Below are records with pictures. Transcribe exactly, and only, the lines from the line with "BLACK Blocked Skirt" to the line with "PA license plate MSK1515", both ends included, but not the pictures.

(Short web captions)
-.-.-
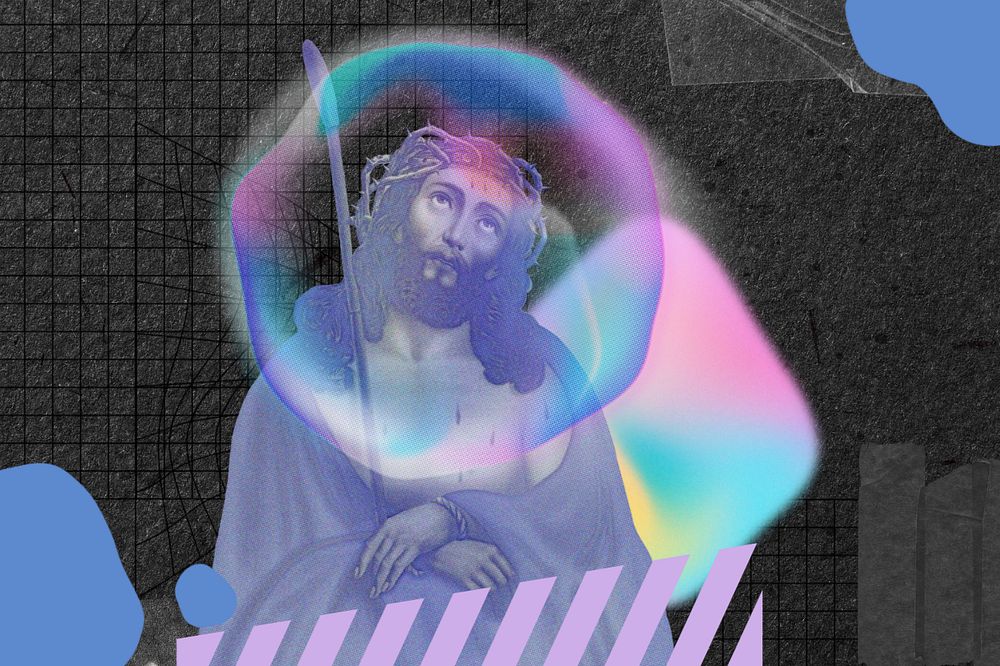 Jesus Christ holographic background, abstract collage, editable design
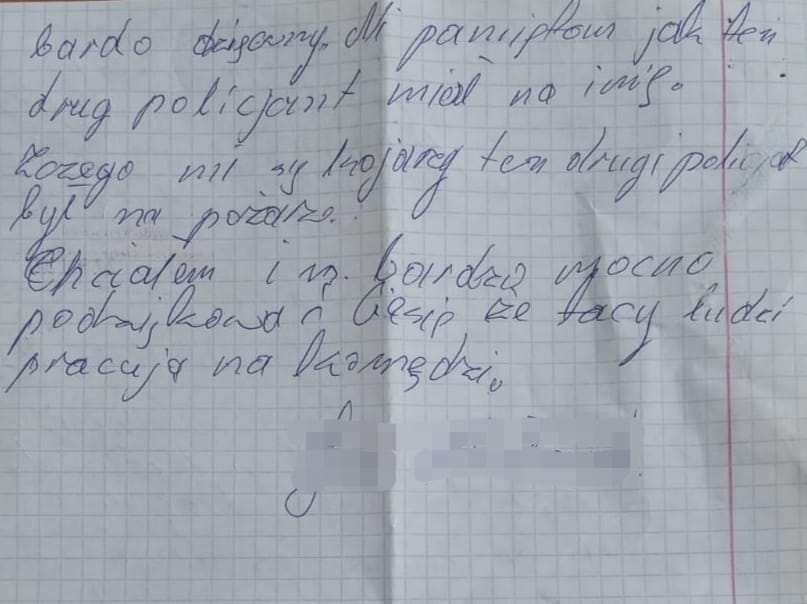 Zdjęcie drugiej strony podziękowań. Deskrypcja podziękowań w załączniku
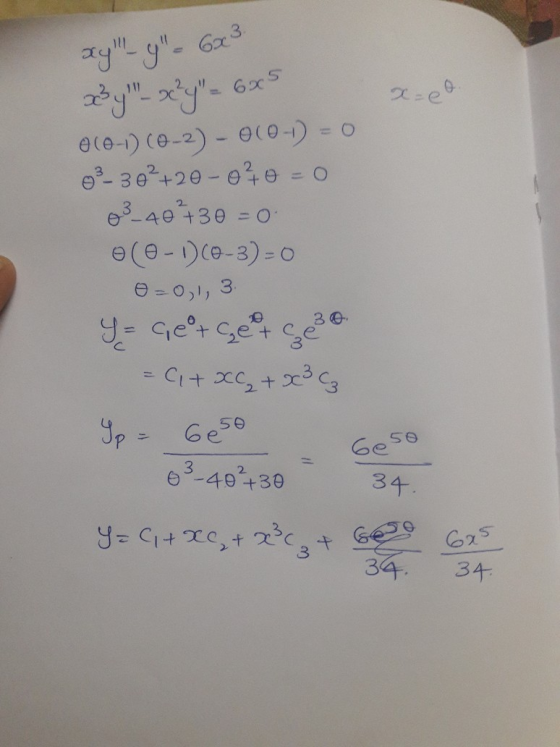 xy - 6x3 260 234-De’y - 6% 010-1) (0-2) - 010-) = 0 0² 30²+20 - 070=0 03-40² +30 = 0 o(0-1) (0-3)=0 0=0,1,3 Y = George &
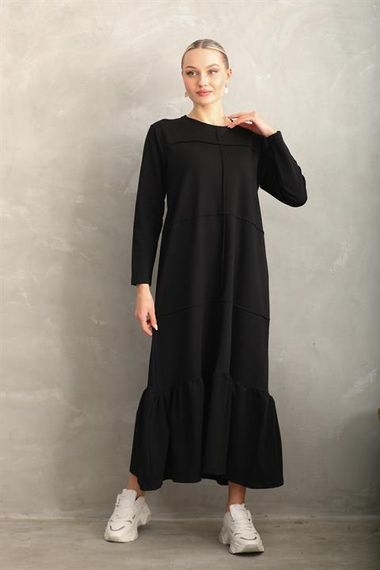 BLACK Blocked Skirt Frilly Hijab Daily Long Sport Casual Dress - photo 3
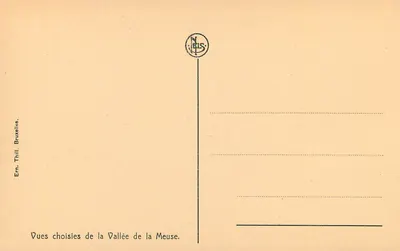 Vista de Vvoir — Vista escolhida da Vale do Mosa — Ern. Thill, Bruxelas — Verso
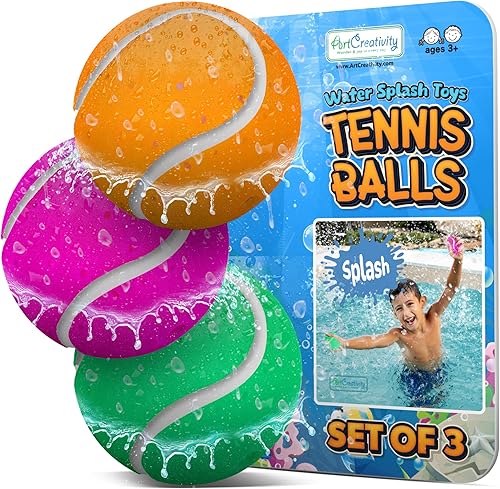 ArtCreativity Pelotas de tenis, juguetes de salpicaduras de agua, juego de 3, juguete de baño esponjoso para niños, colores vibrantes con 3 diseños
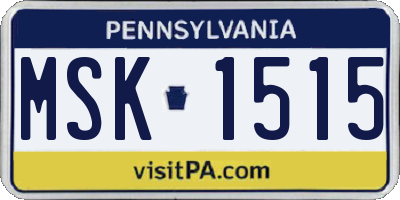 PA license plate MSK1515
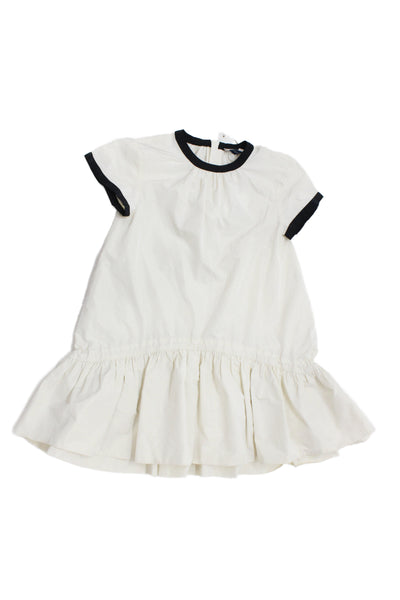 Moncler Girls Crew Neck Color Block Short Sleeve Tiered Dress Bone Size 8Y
-.-.-
> [Response]
 BLACK Blocked Skirt Frilly Hijab Daily Long Sport Casual Dress - photo 3
 Vista de Vvoir — Vista escolhida da Vale do Mosa — Ern. Thill, Bruxelas — Verso
 ArtCreativity Pelotas de tenis, juguetes de salpicaduras de agua, juego de 3, juguete de baño esponjoso para niños, colores vibrantes con 3 diseños
 PA license plate MSK1515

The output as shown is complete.